The finger was almost ready, crackling nicely on the brazier, and Ramsay pulled it off the spit and took a bite of it himself, to demonstrate. Not bad, if a little rubbery. "There," he said, and swallowed. "Damon, give the rest to Manderly. We've put him through so much, we can't deprive him of a spot of – "
"Lord Ramsay!"
Ramsay and his boys all turned in unison, annoyed. What they beheld was clearly an iron-constituted serving man of his father's, who took in the ghoulish scene with palpable distaste. Eyes fixed straight ahead, he addressed his target alone. "Your lord father wishes to see you in the Great Hall. Immediately."
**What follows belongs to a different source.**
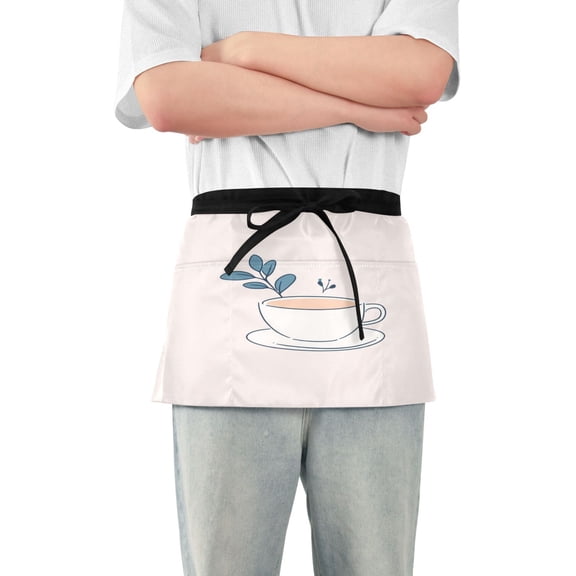 Server Apron with 3 Pockets Waterproof Waitress Waist Short Apron for Man Woman Coffee Cup with Left 12 Inches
"Immediately?" Ramsay did not appreciate that Lord Roose had presumed to use that word."You'll have to tell him that I'm busy. Gathering important intelligence for our future strategy."
"He said you might say that," the servant replied. "He said also that I was to ignore it out of hand. Immediately, if you please."
I will flay you in your sleep, little man. Seething, Ramsay shoved through his minions and made a viciously obsequious bow. "I am at my lord father's service."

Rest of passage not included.